The move to America is not easy, but this does not dampen the enthusiasm of Johnny and Sarah's two daughters, Christy (Sarah Bolger) and Ariel (Emma Bolger), who ignore the grime and dirt of their surroundings and instead find the silver lining of their situation, as only children can do.

Aided by the unflinching faith of their daughters and their neighbor Mateo (Djimon Hounsou), the tortured artist who becomes the family's guardian angel, Johnny and Sarah learn, in this foreign city, to treasure the beauty of life once again.

Jim Sheridan, the fiercely political Irish director of "My Left Foot" and "In the Name of the Father," has created a film of uncharacteristic warmth that lacks his usual fiery intensity, and this is perhaps because much of "In America" is based on Sheridan's own life.

This time, he has no injustice to rail against -- he simply wants to tell a story about the experiences that shaped him into the man he is today.

In doing this, Sheridan borders on clich at times as the characters all fall into rather easy stereotypes.

Johnny is the loving but emotionally distant father, while Sarah is the typical supportive wife with underestimated inner strength.

Meanwhile, Mateo is an amalgamation of two particular Hollywood favorites: the angry black man and the big intimidating guy with a heart of gold.

Nonetheless, the film is written, directed and acted with such earnestness that we come to care for these people anyway.

There are small scenes, like Christy's slightly off-key rendition of The Eagles' "Desperado" and Johnny's near-disastrous experience with an innocuous carnival game, that are unexpectedly poignant, and this is a testament to how richly the characters in this film are painted, stereotypes be damned.

The work of Considine, Morton and Hounsou is beyond reproach, as they perfectly mine the essences of their respective characters, without ever allowing their portrayals to degenerate into caricature.

The acting potential each of the three had shown in their previous work is clearly being realized in this film, and they all deserve to be recognized for it.

However, the real accolades should go elsewhere as everyone on-screen is upstaged by 13-year old Sarah Bolger who simply lights up the screen.

In a year filled with remarkable child performances (Evan Rachel Wood in "Thirteen," Keisha Castle-Hughes in "Whale Rider"), Bolger stands out as the eyes through which we see Sheridan's world.
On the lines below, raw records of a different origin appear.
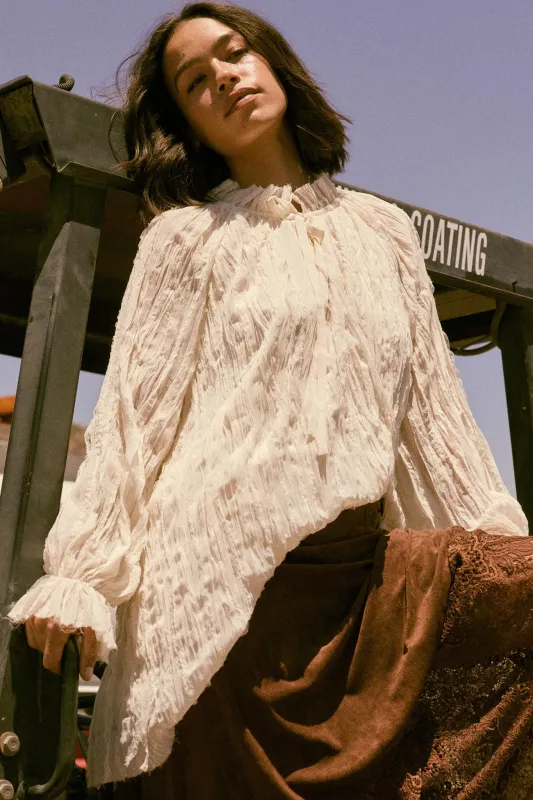 Gentle Whisper Raw-Edge Chiffon Ruffled Mini Dress sold by Promesa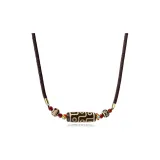 9 Eye Dzi Bead Necklace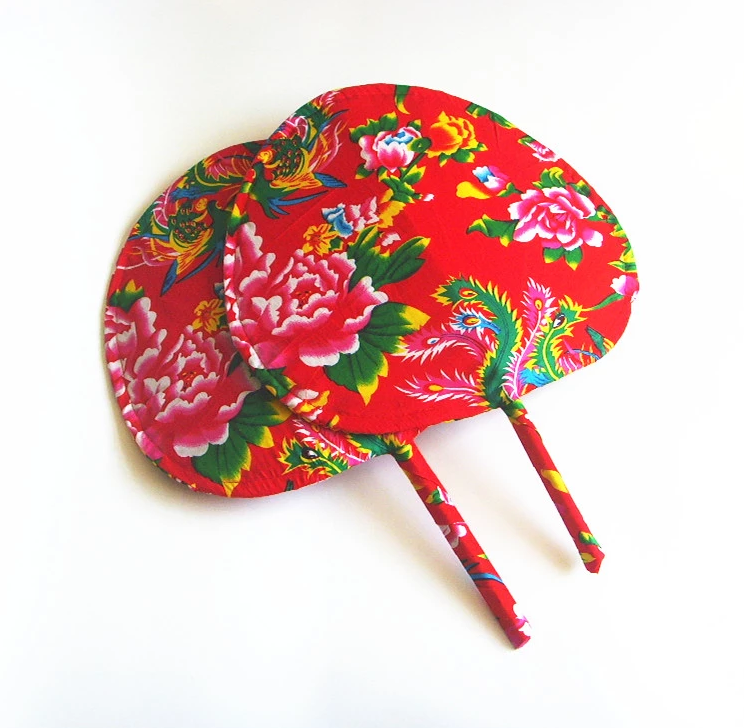 匠心啟航閱讀手工包布大蒲扇芭蕉團扇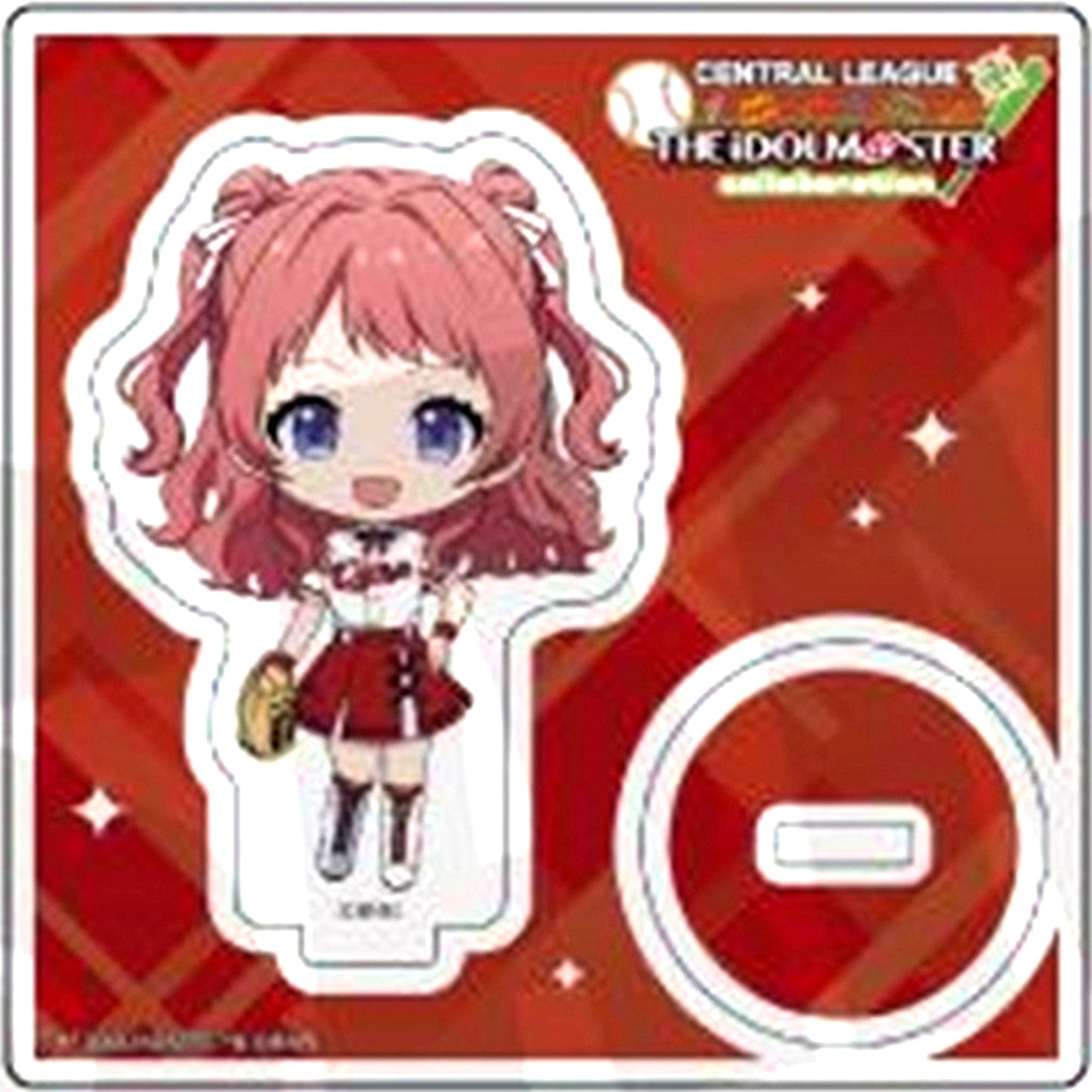 Saki Hanami Hiroshima Toyo Carp BOX F The Idolmaster Series x Central League 6 Baseball Clubs Mini Character Random Acrylic Mini Stand [USED]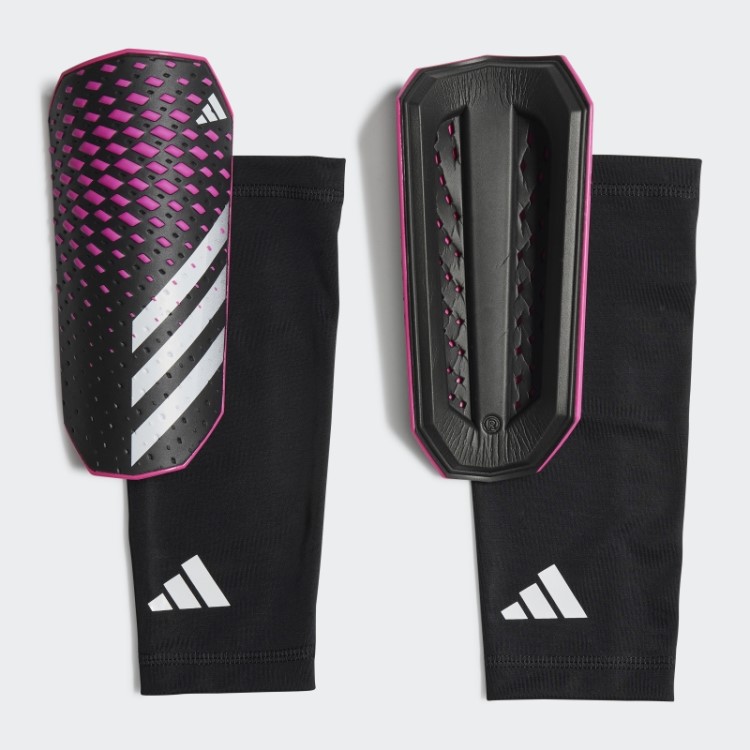 Caneleiras Adidas Black Predator League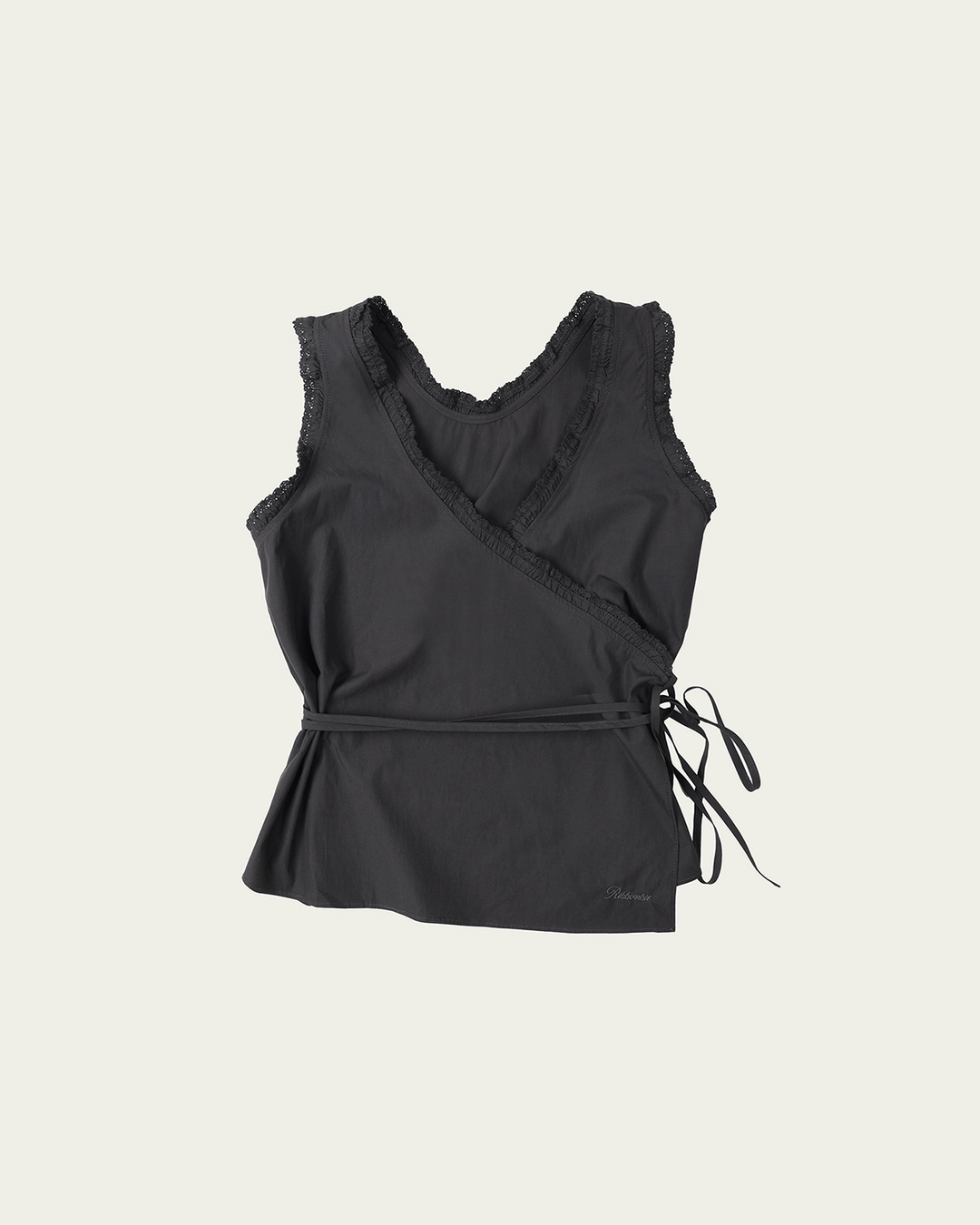 리본빛 (2차) Tippy Blouse - Dark Gray 상품 이미지 1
There is nary a hint of awkwardness in Bolger's turn; she is, without exaggeration, the glue that holds the movie together.

Yet while Sheridan's latest may bring tears to the eyes of the particularly sensitive, it is hurt by its utter lack of conflict.

"In America" is to be praised for avoiding the unrelenting pessimism seen in other similar films, but the gloss is sometimes excessive.

It would have been interesting, for instance, to present some kind of contrast between this family still searching for the American dream and their cokehead neighbors for whom the dream has already failed, yet this never happens.

Sheridan knows what he is doing, though, and this overly rose-colored treatment does not kill the movie.

It may manipulate the audience, but it does so without cheating, and what results is a genuinely moving, emotionally uplifting experience that doesn't make you feel guilty afterwards.

"In America" is not a perfect movie by any stretch of the imagination. But it does have heart, and sometimes, that's enough to make a movie work.